Your instructions
Go through the data and copy each line that holds "Black".

(Dataset entries Opens)

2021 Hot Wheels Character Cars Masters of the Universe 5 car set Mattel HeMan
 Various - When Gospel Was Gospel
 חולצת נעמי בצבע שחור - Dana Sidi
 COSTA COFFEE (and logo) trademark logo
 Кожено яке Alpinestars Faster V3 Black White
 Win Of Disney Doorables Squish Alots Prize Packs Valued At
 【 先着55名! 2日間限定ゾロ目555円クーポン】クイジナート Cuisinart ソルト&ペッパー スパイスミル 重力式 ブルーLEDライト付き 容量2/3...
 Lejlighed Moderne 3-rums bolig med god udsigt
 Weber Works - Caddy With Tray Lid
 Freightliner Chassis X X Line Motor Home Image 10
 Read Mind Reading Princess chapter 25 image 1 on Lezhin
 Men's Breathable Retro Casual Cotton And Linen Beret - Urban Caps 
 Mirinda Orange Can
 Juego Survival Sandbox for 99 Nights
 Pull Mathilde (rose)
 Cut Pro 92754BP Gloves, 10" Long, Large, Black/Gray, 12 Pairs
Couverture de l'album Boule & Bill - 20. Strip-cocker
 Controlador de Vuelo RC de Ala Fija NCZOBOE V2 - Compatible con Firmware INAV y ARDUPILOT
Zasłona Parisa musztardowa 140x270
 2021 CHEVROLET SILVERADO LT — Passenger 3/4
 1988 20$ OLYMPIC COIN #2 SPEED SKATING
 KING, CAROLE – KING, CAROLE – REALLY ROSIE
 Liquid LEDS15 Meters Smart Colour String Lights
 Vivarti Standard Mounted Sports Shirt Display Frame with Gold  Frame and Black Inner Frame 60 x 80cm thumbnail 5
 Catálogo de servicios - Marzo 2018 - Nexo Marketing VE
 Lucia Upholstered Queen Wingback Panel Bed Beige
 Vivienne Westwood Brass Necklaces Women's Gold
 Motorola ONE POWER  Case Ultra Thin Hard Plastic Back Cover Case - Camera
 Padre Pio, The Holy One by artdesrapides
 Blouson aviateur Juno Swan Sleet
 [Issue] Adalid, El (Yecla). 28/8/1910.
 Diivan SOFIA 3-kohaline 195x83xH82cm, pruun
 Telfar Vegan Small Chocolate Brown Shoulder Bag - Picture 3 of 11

(Dataset entries Closes)

Exercise response
 Кожено яке Alpinestars Faster V3 Black White
 Cut Pro 92754BP Gloves, 10" Long, Large, Black/Gray, 12 Pairs
 Vivarti Standard Mounted Sports Shirt Display Frame with Gold  Frame and Black Inner Frame 60 x 80cm thumbnail 5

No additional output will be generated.